Maureen Pearson, Esq.
Katten, Muchin, & Kavis
525 West Monroe Street
Chicago, Illinois 60661-3693

RE: White dipping icing, donut glaze, and chocolate dipping icing

Dear Ms. Pearson:

This is in response to letters dated May 23 and June 23, 1997, submitted on behalf of Kerry Ingredients, concerning the classification of white dipping icing, donut glaze, and chocolate dipping icing under the Harmonized Tariff Schedule of the United States (HTSUS). On January 8, 1998, you, your client, and an associate met with Headquarters personnel to discuss this matter. In addition, your office made subsequent submissions that were considered.

FACTS:

The white dipping icing consists of water, sugar, agar-agar, dextrose, partially hydrogenated soy oil, corn syrup 63 DE, salt, sodium propionate, mono+diglyceride emulsifier, lecithin, vanilla flavor, potassium sorbate, titanium dioxide, and citric acid. The donut glaze consists of water, sugar, agar-agar, salt, mono+diglyceride emulsifier, propylene glycol, cellulose gum, potassium sorbate, citric acid, and maltodextrin 5 DE. The chocolate dipping icing consists of water, sugar, dextrose, agar-agar, partially hydrogenated soy oil, natural process cocoa, corn syrup 63 DE, salt, sodium propionate, lecithin, potassium sorbate, and vanilla flavor.

All of the products contain over 65 percent by dry weight of sugar. Made in Canada, the products will be imported in ready-to-use condition in either one-/or five-gallon pails or in 10 kg laminated-plastic pouches. The products will be used in the imported condition, without further processing or heating, to frost or glaze donuts and other bakery goods by dipping the baked good in the icing or glaze. The products will be used by commercial bakeries and foodservice establishments in the United States.

ISSUE:

What is the proper tariff classification for the white dipping icing, donut glaze, and chocolate dipping icing, described above, under the HTSUS?

LAW AND ANALYSIS:

Classification under the HTSUS is made in accordance with the General Rules of Interpretation (GRI's).
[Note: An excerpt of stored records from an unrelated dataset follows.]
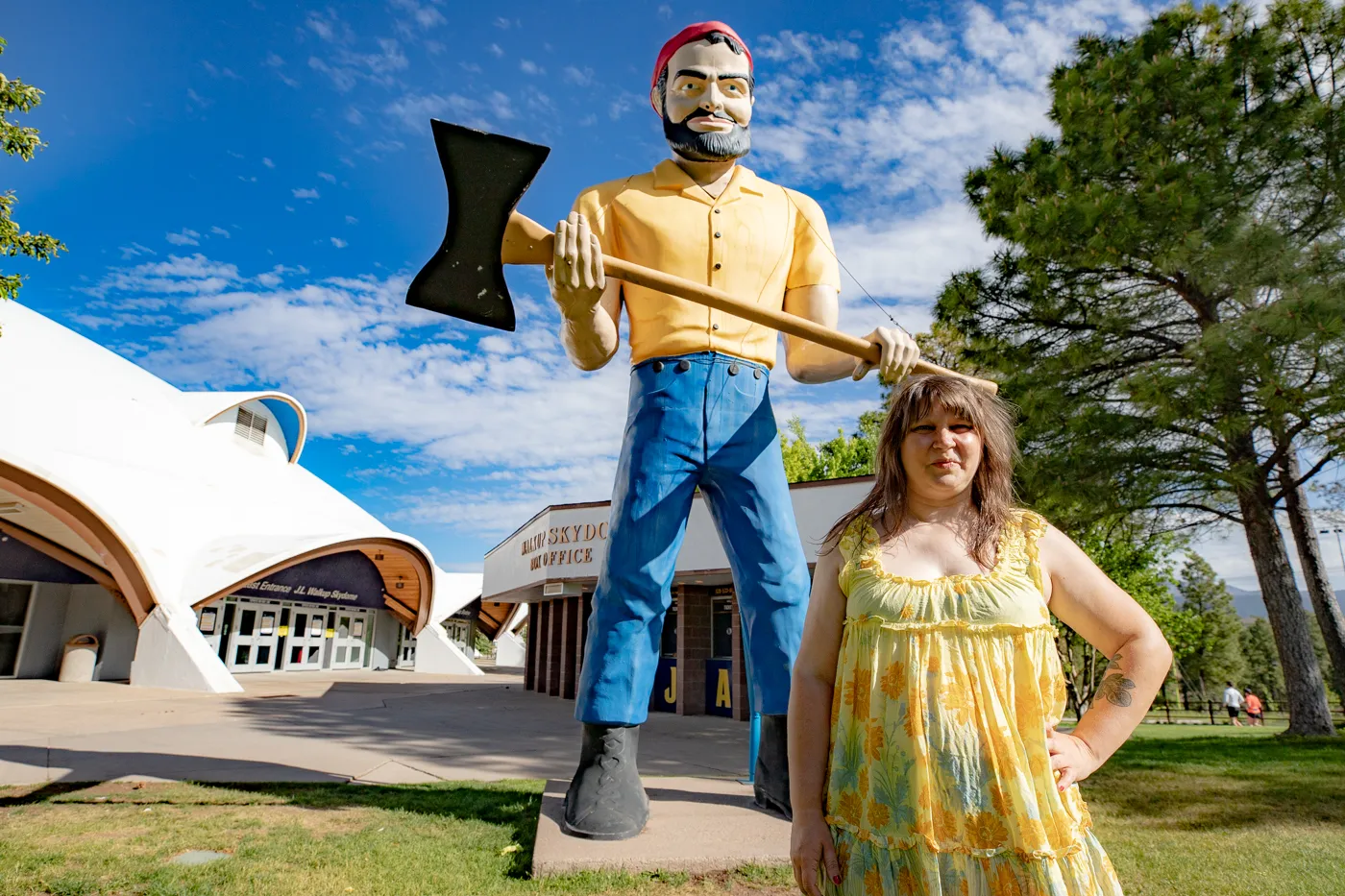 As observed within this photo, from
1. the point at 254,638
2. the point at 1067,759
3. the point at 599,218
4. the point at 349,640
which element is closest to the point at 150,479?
the point at 254,638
The systematic detail of the HTSUS is such that virtually all goods are classified by application of GRI 1, that is, according to the terms of the headings of the tariff schedule and any relative Section or Chapter Notes. In the event that the goods cannot be classified solely on the basis of GRI 1, and if the headings and legal notes do not otherwise require, the remaining GRI's may then be applied. GRI 6 provides that the GRI's apply in the same fashion to subheadings within the same heading.
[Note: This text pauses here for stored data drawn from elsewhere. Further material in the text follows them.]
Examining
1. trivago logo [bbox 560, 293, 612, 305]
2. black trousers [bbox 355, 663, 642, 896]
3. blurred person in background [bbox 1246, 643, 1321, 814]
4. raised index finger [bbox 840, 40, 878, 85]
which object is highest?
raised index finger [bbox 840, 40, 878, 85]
The Harmonized Commodity Description and Coding System Explanatory Notes (EN's) constitute the official interpretation of the HTSUS. While not legally binding, and therefore not dispositive, the EN's provide a commentary on the scope of each heading of the HTSUS and are thus useful in ascertaining the proper classification of merchandise under the System. Customs believes the EN's should always be consulted. See, T.D. 89-80, 54 Fed. Reg. 35127, 35128 (Aug. 23, 1989).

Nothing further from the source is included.